◆ **Excerpted records**
──────────

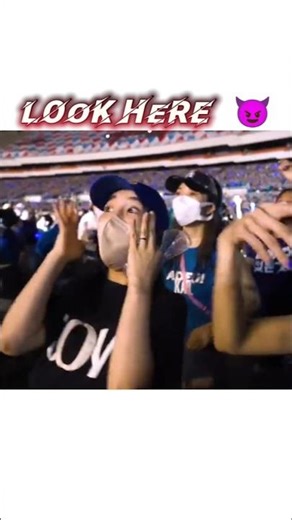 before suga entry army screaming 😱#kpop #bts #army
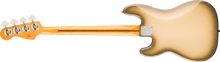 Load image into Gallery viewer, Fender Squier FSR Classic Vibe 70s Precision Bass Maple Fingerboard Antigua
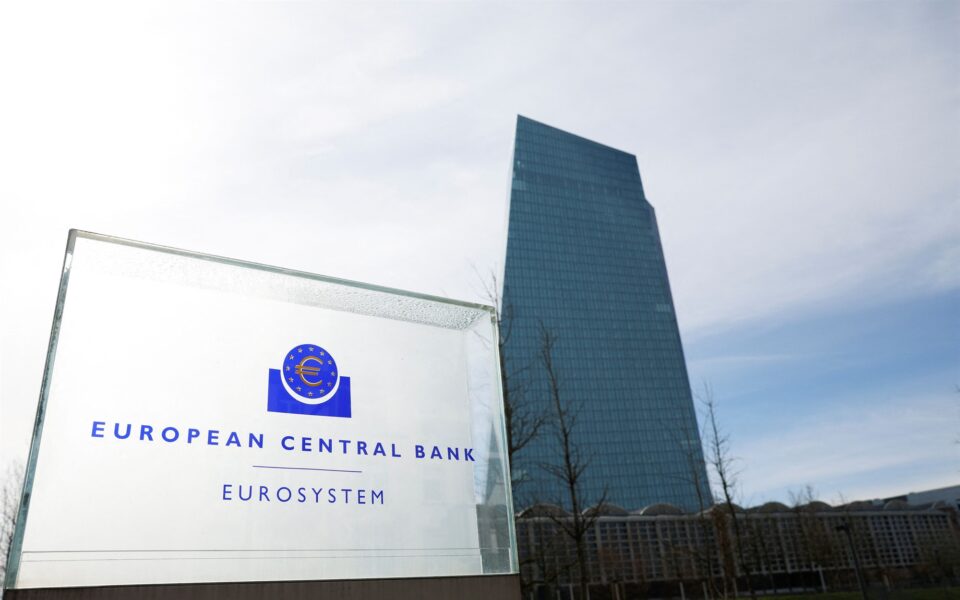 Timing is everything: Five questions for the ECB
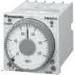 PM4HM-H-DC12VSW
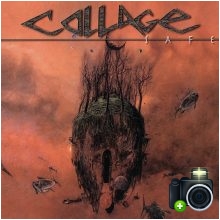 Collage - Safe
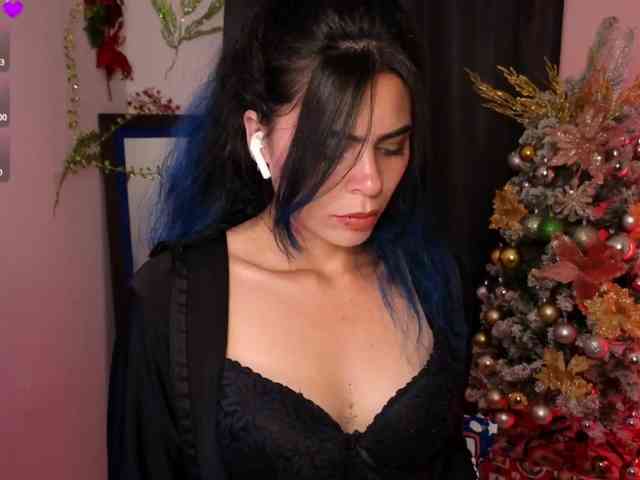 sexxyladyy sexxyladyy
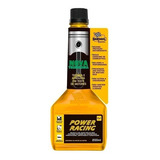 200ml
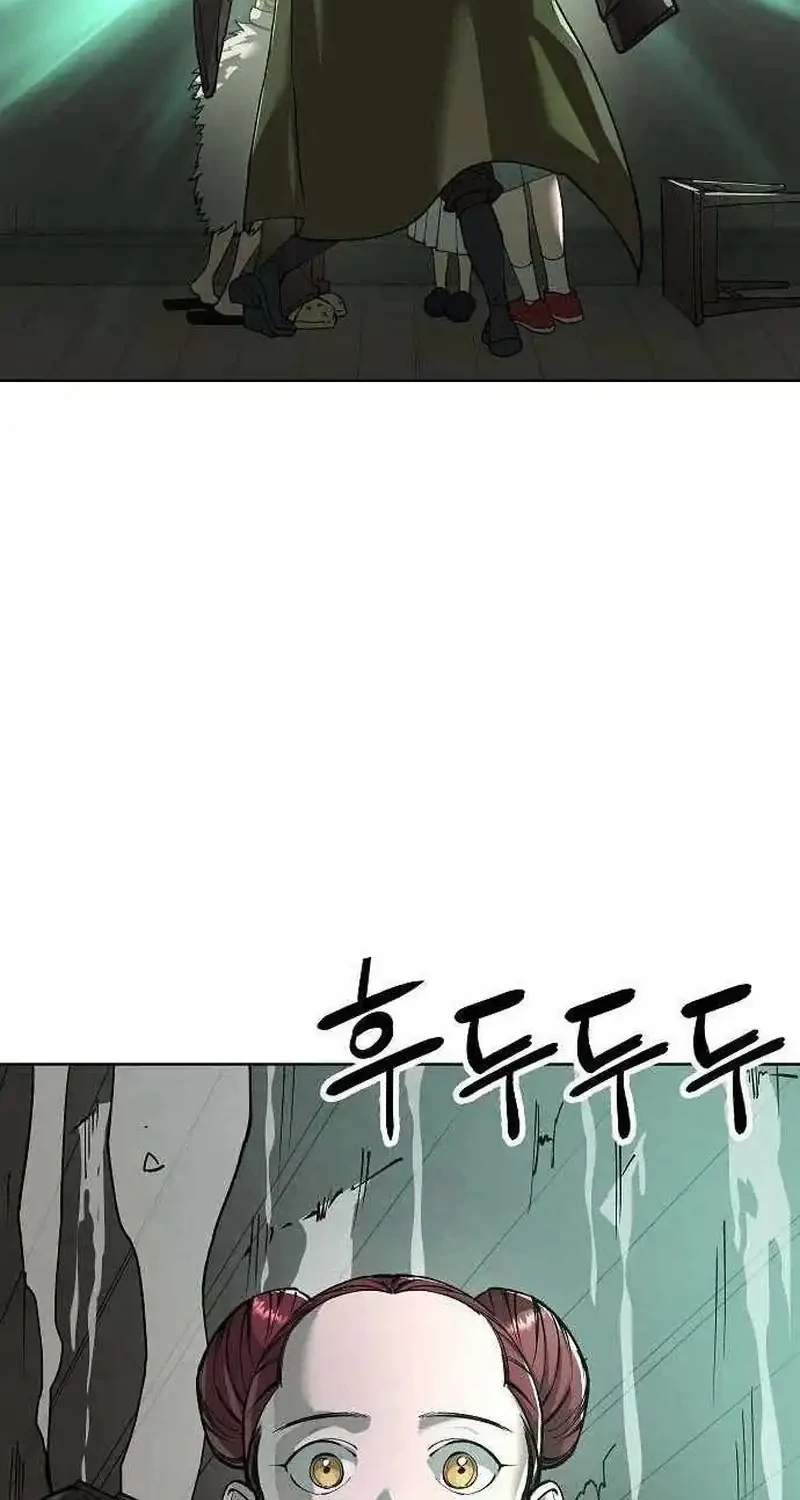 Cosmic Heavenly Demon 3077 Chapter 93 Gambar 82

──────────

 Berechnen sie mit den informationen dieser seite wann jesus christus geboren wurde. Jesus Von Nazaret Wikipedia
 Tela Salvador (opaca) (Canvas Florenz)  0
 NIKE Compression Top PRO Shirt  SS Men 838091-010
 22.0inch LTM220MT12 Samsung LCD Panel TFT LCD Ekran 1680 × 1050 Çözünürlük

──────────

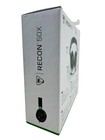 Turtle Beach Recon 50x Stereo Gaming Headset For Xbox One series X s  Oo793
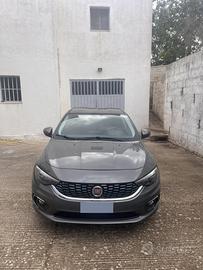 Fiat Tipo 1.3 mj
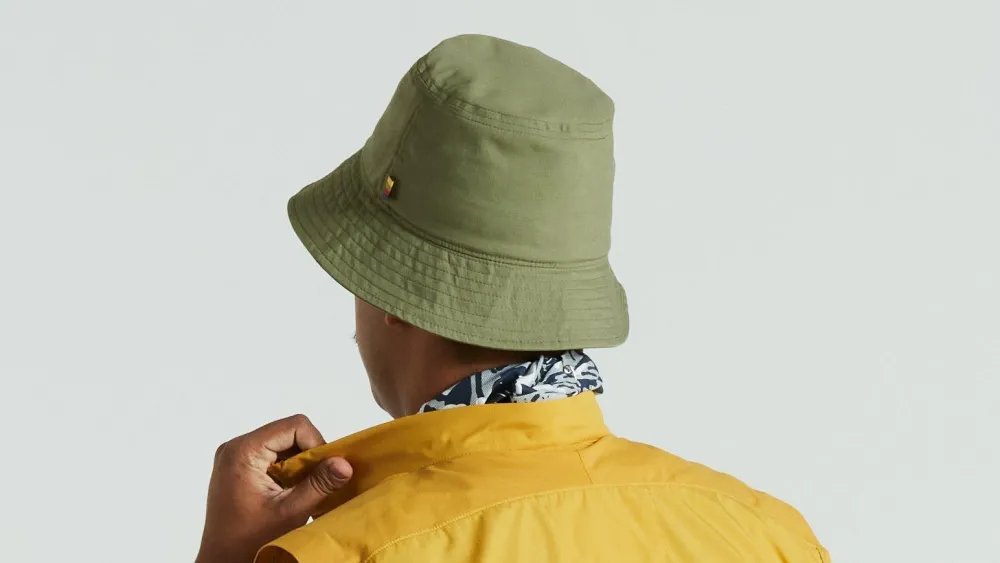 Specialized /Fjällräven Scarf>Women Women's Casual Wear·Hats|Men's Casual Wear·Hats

──────────

◆ **Task requirements**
Beginning with the line that has "Berechnen sie mit" and ending with the line that has "22.0inch LTM220MT12 Samsung", set down the lines above exactly and include no others.

◆ **Answer**
 Berechnen sie mit den informationen dieser seite wann jesus christus geboren wurde. Jesus Von Nazaret Wikipedia
 Tela Salvador (opaca) (Canvas Florenz)  0
 NIKE Compression Top PRO Shirt  SS Men 838091-010
 22.0inch LTM220MT12 Samsung LCD Panel TFT LCD Ekran 1680 × 1050 Çözünürlük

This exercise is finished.